To go one step into the future, multiply on the right by $Q$. Tedious by hand, but trivial on a computer: just take powers of $Q$, and you know how the distribution evolves.

· · ·

6. m-Step Transition Probabilities

A parallel result holds for the transition probabilities themselves. By definition $Q$ gives the one-step probabilities: $P(X_{n+1} = j \mid X_n = i) = q_{ij}$.

Two-step transition: condition on the intermediate state

For two steps, condition on the intermediate state $X_{n+1} = k$ (the missing link), with everything conditioned on $X_n = i$:

$$P(X_{n+2} = j \mid X_n = i) = \sum_{k} P(X_{n+2} = j \mid X_{n+1} = k,\ X_n = i)\, P(X_{n+1} = k \mid X_n = i)$$

The Markov property kills the $X_n$ in the first factor (knowing $X_{n+1}$ makes $X_n$ obsolete), leaving two one-step transitions:

$$P(X_{n+2} = j \mid X_n = i) = \sum_{k} q_{ik}\, q_{kj}$$

This is exactly row $i$, column $j$ of $Q^2$ (multiply $Q$ by $Q$: dot a row of $Q$ with a column of $Q$).

Repeating the argument:

m-step transition probabilities

The probability of going from $i$ to $j$ in $m$ steps is the $(i, j)$ entry of $Q^m$:

$$P(X_{n+m} = j \mid X_n = i) = (Q^m)_{ij}$$

So powers of the transition matrix carry all the multi-step information — no separate study of each transition or each number of steps is needed.

· · ·

7. Stationary Distributions (Preview)

The other most important concept, defined here but developed next time, is the stationary distribution — also called the steady-state, long-run, or equilibrium distribution.

Stationary distribution

A probability vector $s$ (a $1 \times M$ row, a PMF) is stationary for the chain if

$$s\,Q = s$$

(Here $s\,Q$ is $1 \times M$, a valid distribution.)

For those who have seen them, this is essentially an eigenvalue–eigenvector equation with eigenvalue $1$ — usually written as matrix-times-vector, but transposing both sides recovers that form.
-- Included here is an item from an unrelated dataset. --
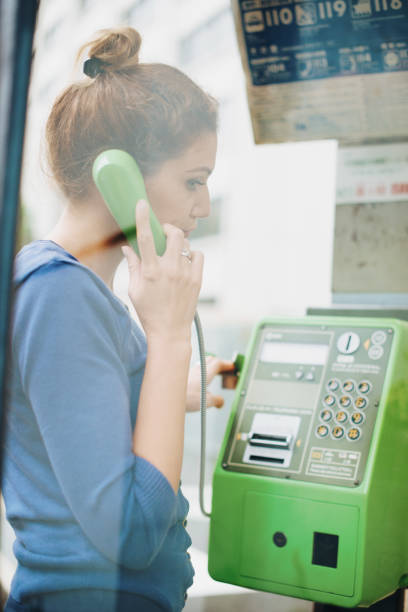 日本の電話ブースを使用して美しい白人女性 - pay phone ストックフォトと画像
Eigenvalues are not required for this course.

Intuition for the name

We showed that if the chain follows distribution $s$ at time $n$, then $s\,Q$ is its distribution one step later. If $s\,Q = s$, then starting from $s$ the distribution is unchanged after one step — and after two steps, and forever. The distribution never changes: hence stationary.

Why it matters and the open questions

One reason stationary distributions matter: under mild conditions, running the chain a long time makes it converge to a limiting distribution, and that limit is the stationary distribution. It describes the chain's long-run behavior. This raises several questions, to be addressed next time:

Existence: Does a solution to $s\,Q = s$ exist? It must be a genuine probability vector — non-negative entries summing to 1 (a solution with negative entries is useless).
Uniqueness: If it exists, is it unique?
Convergence: The definition $s\,Q = s$ says nothing about limits on its face. Does the chain actually converge to $s$, and in what sense?
Computation: Even granting existence, how do we compute $s$ efficiently? In principle $s\,Q = s$ is a linear system you could solve by elimination, but for large chains that could take impractically long even with a computer.

Looking ahead

Under some mild technical conditions, existence, uniqueness, and convergence all hold. Computation can be very hard in the fully general case — but there is a special, beautiful class of chains where the stationary distribution can be found quickly and easily, without matrices at all. That case is the subject of the next lecture.